The Fraternity house has been a subject of cultural intrigue and controversy since the “Golden Age of Fraternities” at the turn of the century. Movies like Animal House and articles like The Atlantic’s “The Dark Power of Fraternities” have not only shaped the popular understanding of fraternities and the houses they live, but also, to a certain degree, the lens in which scholars begin their analysis of their objects. What becomes apparent is a lack of internal understanding of the space of the fraternity house. Scholars and researchers alike tend to incorporate the frat house into their analysis of fraternities; however, rarely, if ever, do they offer an analysis of the house itself. The problem with this practice is that the members understanding of their space is not articulated, let alone an actual interest of the examiner.
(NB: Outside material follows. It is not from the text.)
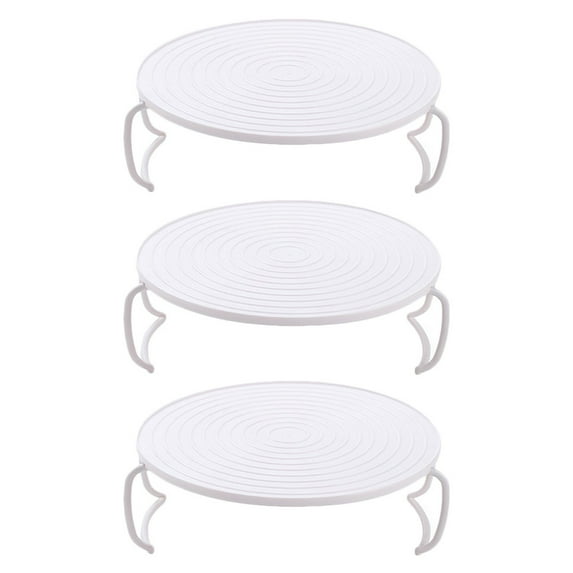 Gymnture 3pc Microwave Plate Stacker Multi-functional Rack Tray with Handle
This presentation is an attempt to reinstitute the fraternity members’ livid experience into the research of the frat house as a space. By looking at recent scholarship on fraternity houses, looking at spatial theories on researching space, and interviews from fraternities in the state of Georgia, a union of the issues scholar’s research are tied to the livid experience of fraternity members in their space and a complete study of the fraternity house is made.
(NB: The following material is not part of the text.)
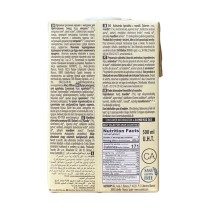 información nutricional Crema vegetal para cocinar sin lactosa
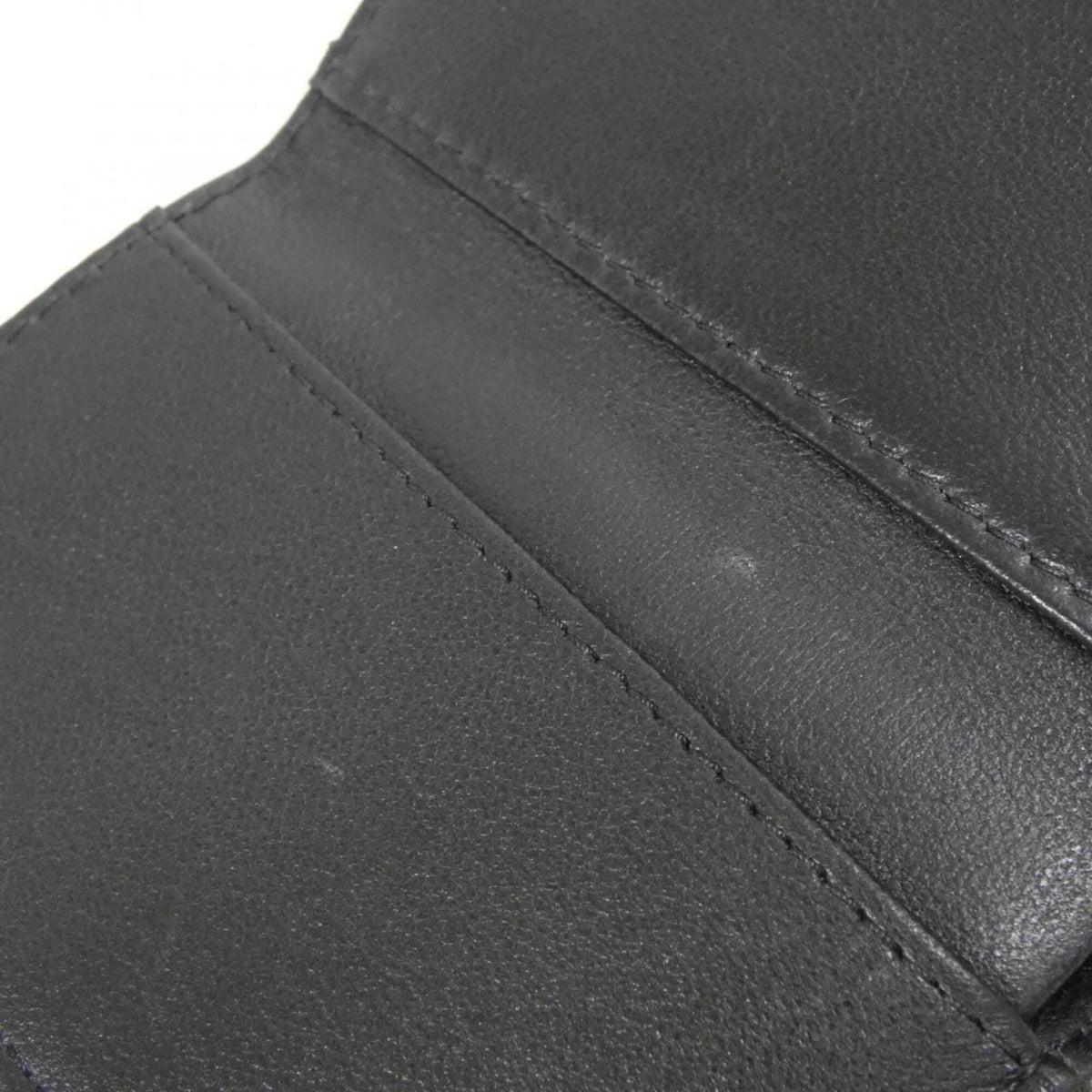 Chanel Black Leather Wallet (Tri-Fold) (Pre-Owned)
While relying on spatial theorist – Lefebvre, De Luna, and Barad – to form and inform the questions asked during the interview component of my mixed method ethnography, I have and will continue to interview and observe these collegiate social Greeks to gage their understanding on the issues at hand. This presentation does not represent a completed project, but is an attempt to share what has been gleamed thus far and get some feedback.